Daniel Seung Kim1, Jerry H Kim2, Amber A Burt3, David R Crosslin1, Nancy Burnham4, Donna M McDonald-McGinn5, Elaine H Zackai5, Susan C Nicolson6, Thomas L Spray4, Ian B Stanaway7, Deborah A Nickerson7, Mark W Russell8, Hakon Hakonarson9, J William Gaynor4, Gail P Jarvik10.   

Abstract

BACKGROUND: Survival after cardiac surgery in infancy requires adaptive responses from oxidative stress management and vascular regulation pathways. We tested the hypothesis that genetic variation in these pathways influences postoperative survival in nonsyndromic congenital heart disease children.
METHODS: This is an analysis of a cohort of nonsyndromic congenital heart disease patients who underwent cardiac surgery with cardiopulmonary bypass before 6 months of age (n=422). Six single nucleotide polymorphisms (SNPs) in six genes involved in oxidative stress and vascular response pathways, identified through a priori literature search, were tested for effects on transplant-free survival. Survival curves, adjusting for confounding covariates, were calculated using the Cox proportional hazard models.

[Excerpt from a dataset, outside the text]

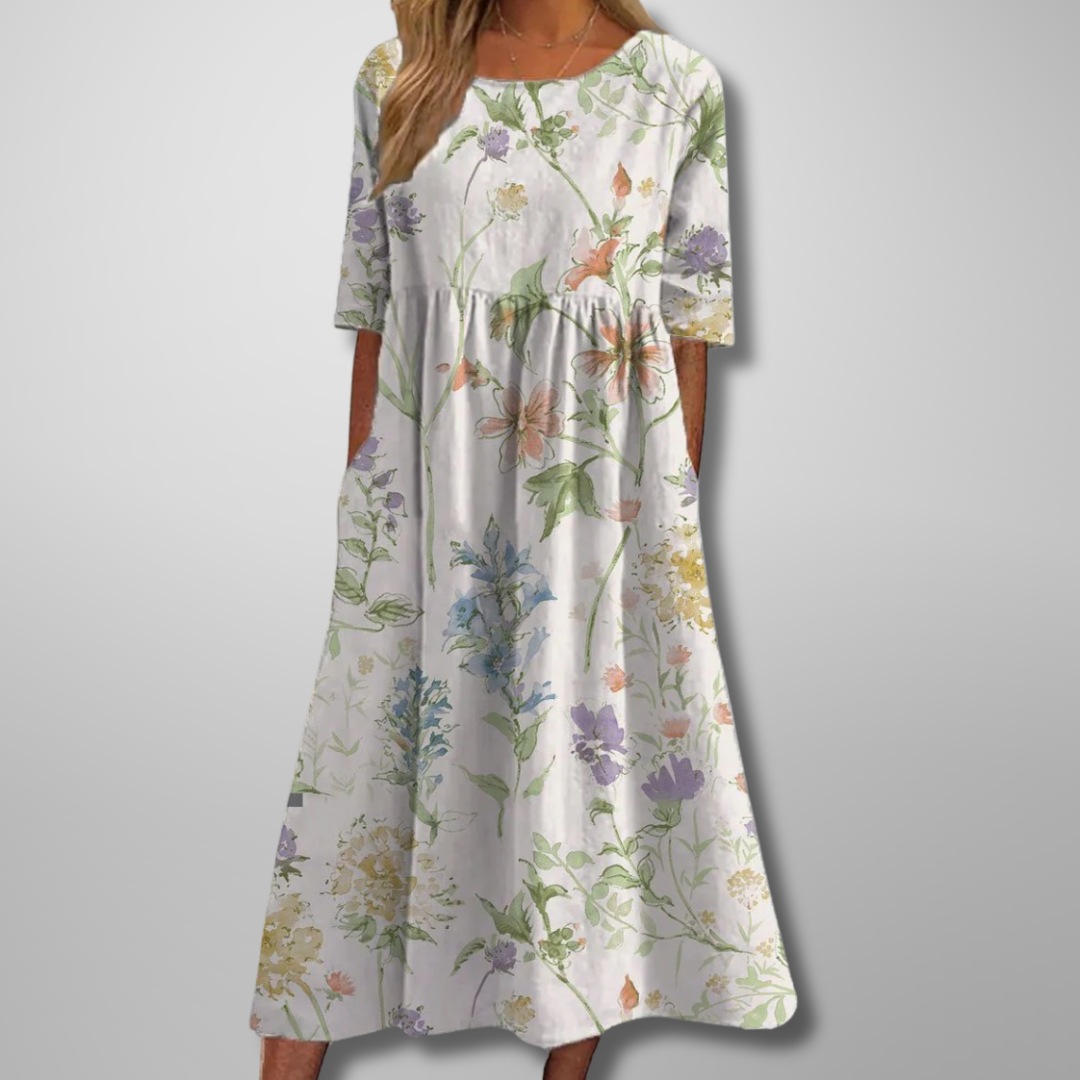 Christa | Women’s Botanical Print Midi Dress with Short Sleeves
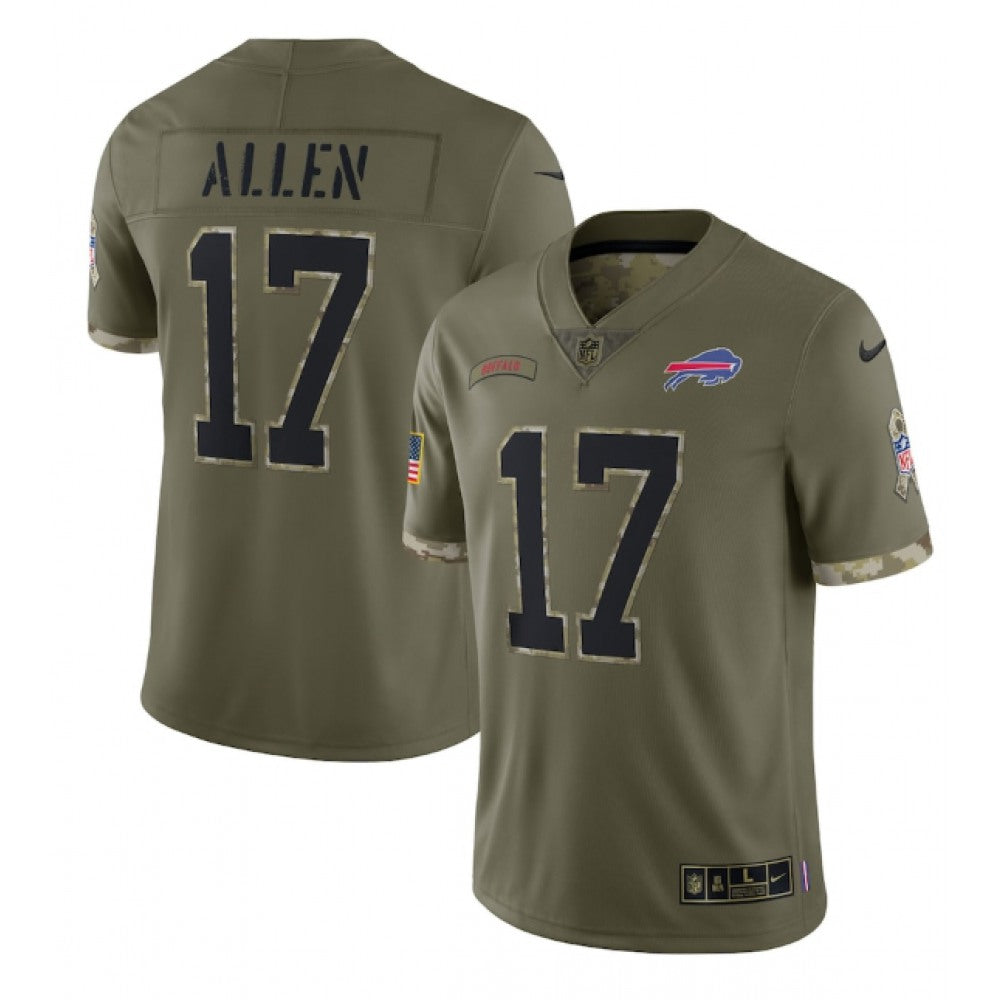 Men's Buffalo Bills #17 Josh Allen Olive 2022 Salute To Service Limited Stitched Jersey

RESULTS: Long-term survival was strongly associated with vascular endothelial growth factor A gene SNP rs833069 (p=7.03×10(-4)) and superoxide dismutase 2 gene SNP rs2758331 (p=0.019). To test for joint effects of the two SNPs on transplant-free survival, the genotypes were grouped to form a risk score reflecting the cumulative number of risk alleles (0 to 4 alleles per patient). A higher risk score based on the VEGFA and SOD2 SNP genotypes was associated with worse transplant-free survival (p=3.02×10(-4)) after confounder adjustment. The total burden of risk alleles was additive; subjects with the highest risk score of 4 (n=59 subjects, 14.2% of the cohort) had a total covariate-adjusted hazard ratio of 15.64 for worse transplant-free survival.
CONCLUSIONS: After cardiac surgery, infants who are homozygous for the high-risk alleles for both the VEGFA and SOD2 SNPs have an approximately 16-fold increased risk of death or heart transplant, suggesting that genetic variants are important modifiers of survival after surgery for congenital heart disease.
Copyright © 2014 The Society of Thoracic Surgeons. Published by Elsevier Inc. All rights reserved.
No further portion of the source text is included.